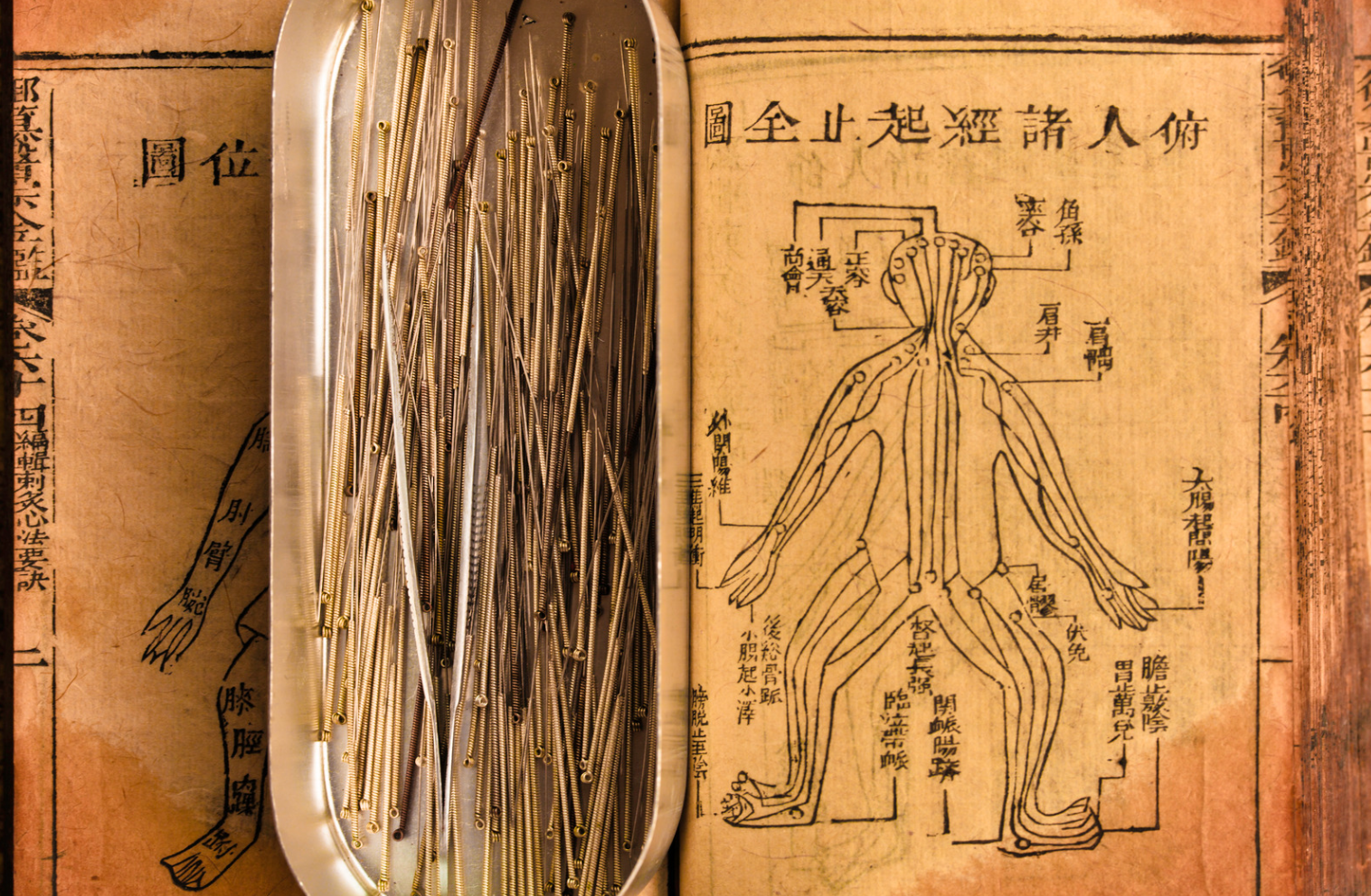 Needles Book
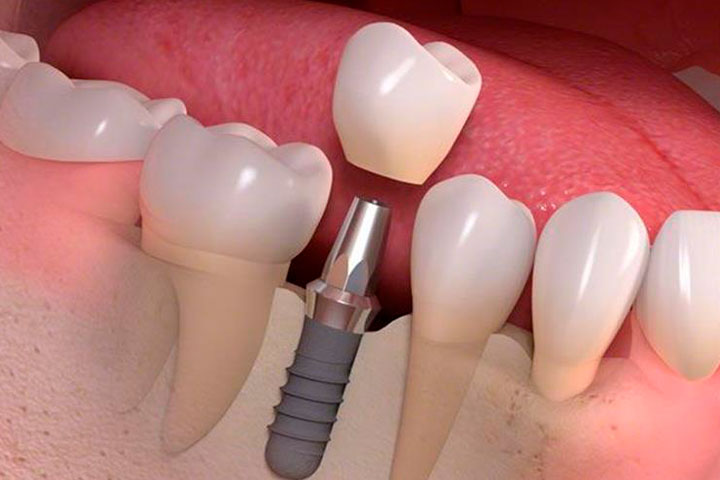 Cuanto dura un Implante Dental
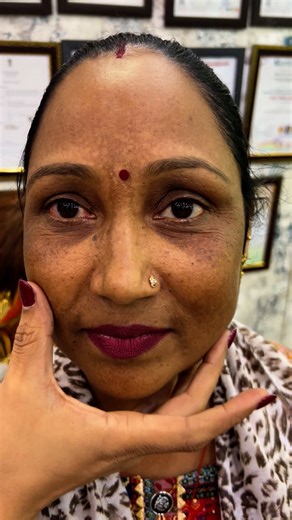 Call - 9220729132 Add- CSC Market, Sec-18B, Dwarka, NewDelhi - 110078 #facetreatment #faceglow #facebrightening #skincare #viral #nishalambha #instagood #pigmentationtreatment | Nisha Lambha - Sparsh Beauty Care & Hair Treatment LLP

**WHAT THE TASK ASKS**
Repeat the material exactly, without images.

**RESULT OF THIS EXERCISE**
 Needles Book
 Cuanto dura un Implante Dental
 Call - 9220729132 Add- CSC Market, Sec-18B, Dwarka, NewDelhi - 110078 #facetreatment #faceglow #facebrightening #skincare #viral #nishalambha #instagood #pigmentationtreatment | Nisha Lambha - Sparsh Beauty Care & Hair Treatment LLP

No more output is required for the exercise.